Odd problem with queues

Feels like a memory corruption to me. Can you share the complete code as a zip or put it in a GitHub repo somewhere?

it is still unclear what the relationship between that and

is. In the dynamic setup, your queue is configured to hold x items of sizeof(SYSTEM_PACKET_type) but you copy to an identifier of size I2C_PACKET_data . Again, did you ensure that those sizes match? Typically it is good practice to restrict queue operations to members of the same data type.

Edit: Insertion into queues where source and target sizes do not match is normally not a problem, at least not in terms of memory overwrite potential; in the worst case, the source is truncated (which may lead to follow up issues on the application level) or stuffed with random data. The bigger potential problem is with receiving from such a queue if the destination is smaller than the queue element size because then memory in the target vicinity may get overwritten.

1 Like

I would, but it’s way too complicated (the system) to reproduce easily.

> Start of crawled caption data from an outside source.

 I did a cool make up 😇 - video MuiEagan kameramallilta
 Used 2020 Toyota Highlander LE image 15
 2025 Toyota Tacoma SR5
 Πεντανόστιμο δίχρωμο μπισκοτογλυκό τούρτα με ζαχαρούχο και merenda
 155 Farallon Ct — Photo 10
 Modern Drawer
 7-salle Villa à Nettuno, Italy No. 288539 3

I’ll see if I can reduce the problem a bit.

Please see the next message for an idea of the design strategy.

We’re talking two queues here.

The main queue takes 64 byte elements, of which the first 32 bytes are constructed and then sent over any network by the transport layer. The remainder of those 32 bytes are not sent, but are bits broken out, helper data, and the like.

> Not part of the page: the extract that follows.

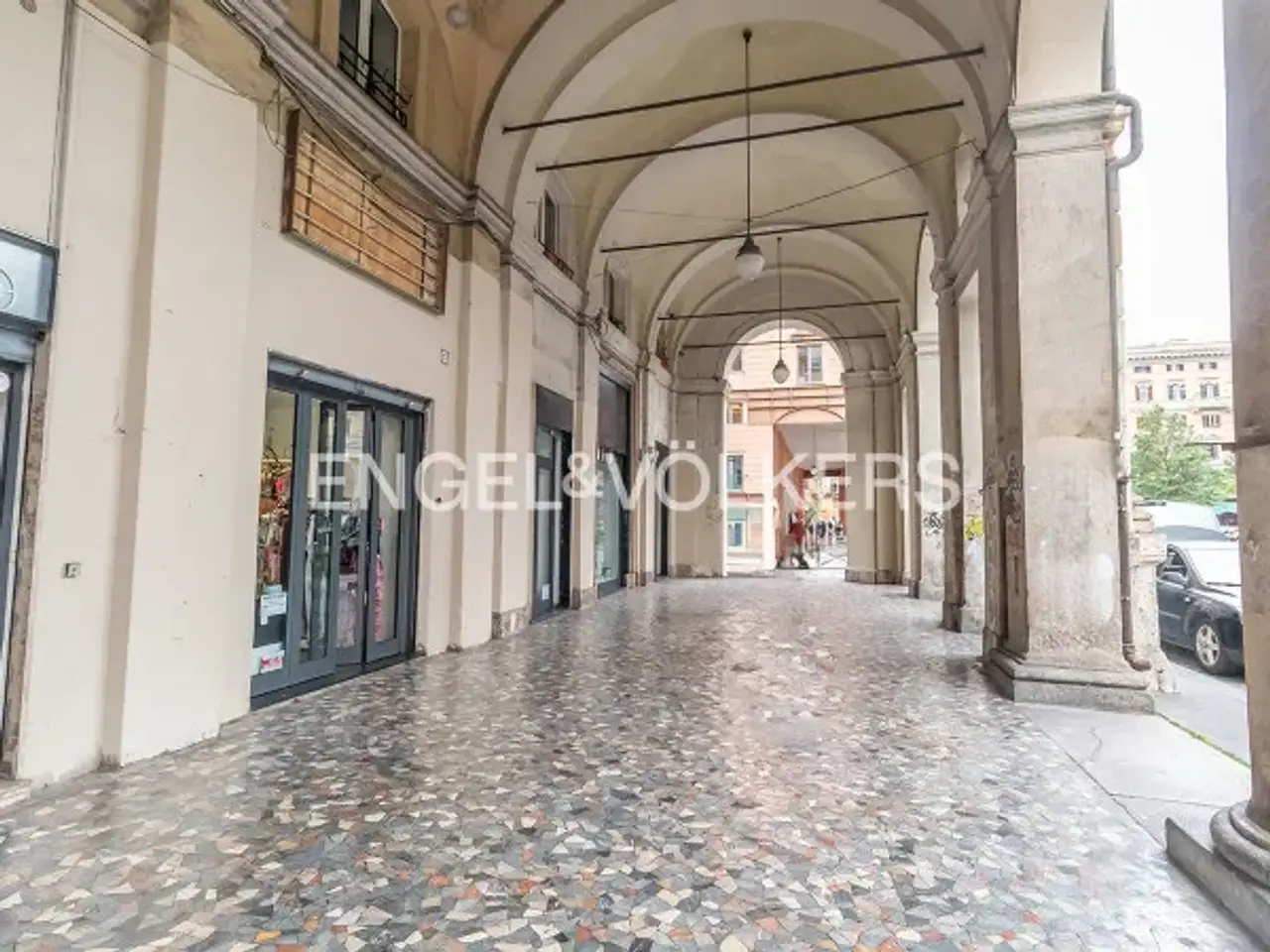 Negozio in Piazza Vittorio Emanuele II, Roma, {3} - Foto 2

Almost everything feeds the main queue, networking and user routines, etc. The idea is once the packet is constructed (contains routing data and a data segment), the transport layer sees that it goes where it needs to go. The transport layer is fed by a reader task.

If addresses match to local, then the whole packet is processed. The PCA9634 is an LED control chip which needs very little data once you look at it, obviously, routing data is not needed by the actual chip control routines.

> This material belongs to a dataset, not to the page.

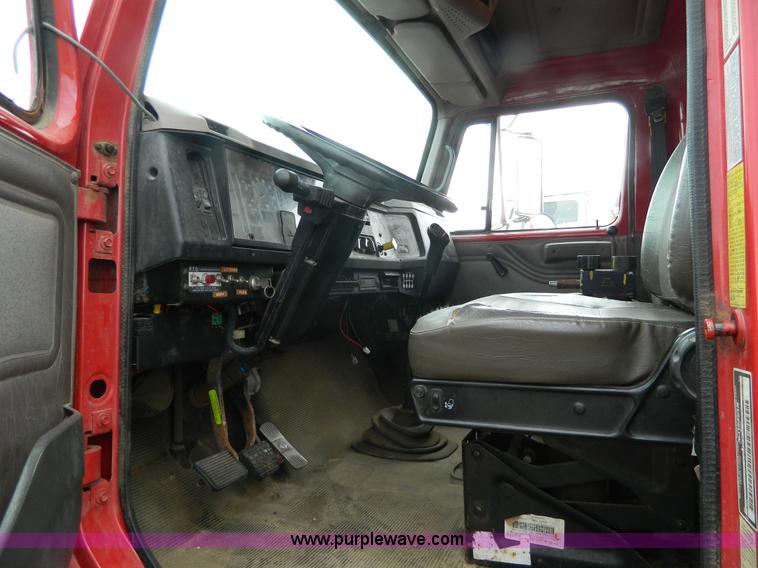 image for item K8198 2001 International 4700 dump truck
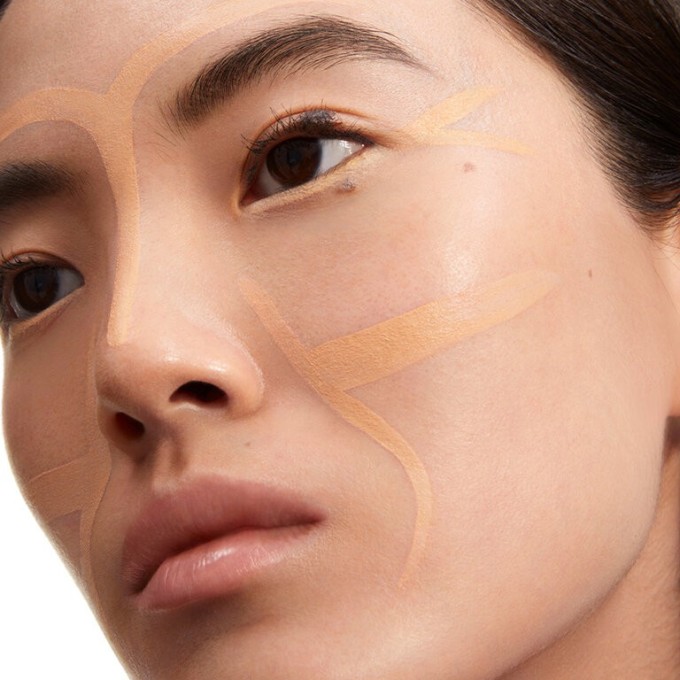 Yves Saint Laurent All Hours Precise Angles Concealer - maskuokliai, 15 ml - LC5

The data area of the packet is a number of unions, allowing decoding of the data in the raw form without having to cast into a particular format. Once you have the entire large packet, you can check the data by looking at the unions.

The problem with the PCA9634 is that proper use requires writing to the chip, then waiting enough time to notice the lights, then getting the next command. It’s intended to be a background function. That’s the need for the PCA9634 queue, since I don’t want to block the main queue when it has data.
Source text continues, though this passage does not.